Wednesday, April 16, 2014

Saying Yes in My Mess

I am in the process of reading "Rhinestone Jesus" by Kristin Welch. The theme of the book is saying yes to God in the middle of your mess. Well let me just say that apparently I created a mess earlier this week by stating part of one reason (which I will admit I did not explain very well) why we recently changed churches. I realize that this is a public blog and there is a reason that I have not mentioned names of the church or the members. But I also realize that in order for me to say "yes in my mess", I have to work through some things that have happened over the past 13 years. Emotional and spiritual injuries caused by a church family that when you try to talk to them treat you like your thoughts, feelings, and opinions are not worth their time of day. The funny thing is that the ones who are starting the spreading of gossip and trying to put me down and sanction me now are the ones that have nothing to do with us leaving. So if you notice over the next few months that I start opening up more about hurts and issues within myself that started in the church please know it's because this is my safe space. This is where I pour my heart out and hope that by doing so I reach one other person over a lifetime who just needed to know that they were not alone.

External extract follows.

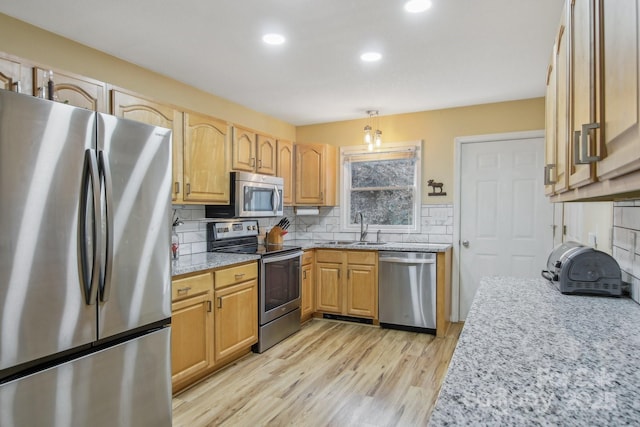 kitchen featuring appliances with stainless steel finishes, tasteful backsplash, sink, hanging light fixtures, and light hardwood / wood-style flooring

And if I lose readers over the topic or I lose relationships with people who will not even speak to me in person about all of it but instead go behind my back or leave comments trying to publicly shame me- fine. I am prepared for that. Because over the last couple of months it has become very apparent who the people who really care are. 

So I am going to say "yes in my mess" and I am going to share and write and heal. Because I have a purpose and reason for being here. It is God's and he will show me where that will lead. I am done being shut down and ignored because of who I am. 

"If you have never stepped on any toes, then you have never taken a walk out into the world."